I have been afraid to listen to anger, have hesitated to accept it,
and struggled to love the parts of myself that burn and burn. But I
slowly I am seeing why the metaphor of fire is never far from anger. No two
things in my life have shown me how closely life and death are knit
together, destruction and renewal.
So I choose anger. Everyday. I choose it again and again. But not
as a thing which I love and hold tightly to. Instead, I choose not to
ignore or banish it. I choose to lock eyes with its lynx like face, to
sit in silence hoping it passes but doing nothing to chase it away, to
observe as much as I can about its presence.

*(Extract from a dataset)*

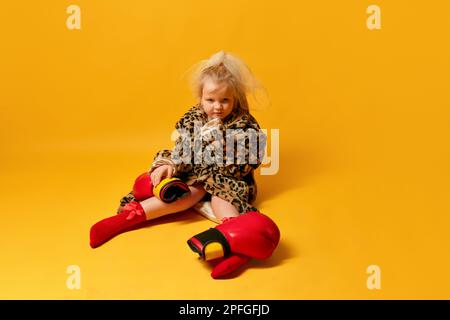 Ein kleines wütendes blondes Mädchen, das Boxhandschuhe und Leopardenmantel trägt, sitzt da und schaut weg über den gelben Hintergrund Stockfoto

In this way, I have learned that the first two purposes of anger
are to say “you have been well and truly wronged. This should not have
happened but has.” And again to repeat “you are hurt more than you know.
Your mind and spirit have been torn apart. You must stop, rest, protect
what is left of yourself.”
Of all the things that have soothed the pain that my anger guards, I
did not expect poetry to top the list. But there is nothing so calming
as finding that someone else can name the flames in your fire, someone
else has fallen off of the mountain top of their innocence with only
questions to break their fall, someone else is guarding a pain that is healing at glacial speed. And that someone is still out there
fighting. When I find a poem that resonates, I can hear the coals of my
heart hiss with the relief of water. See, I don’t want to be angry. But
even more than that, I don’t want to hurt anymore. And I know my anger
is protecting me until I’m ready to fight again.
Some kinds of pain can’t be healed in isolation because isolation
was the tool they used to hurt you in the first place. But a poem can
build a bridge and send just a little rain. Even though the poet is
describing their personal hell, it’s also a rebellious love letter to
all the warriors out there still fighting. We exist. We fight today and
we’ll heal soon. Because we haven’t given up yet. And it is our anger
that guards against despair. With psalms and poems we will heal. Some days, I don't know if I will ever wake up truly without my anger, but I'm learning not to be afraid. And as I learn, I worry less about getting rid of my anger and more about listening to it until it has nothing more to say.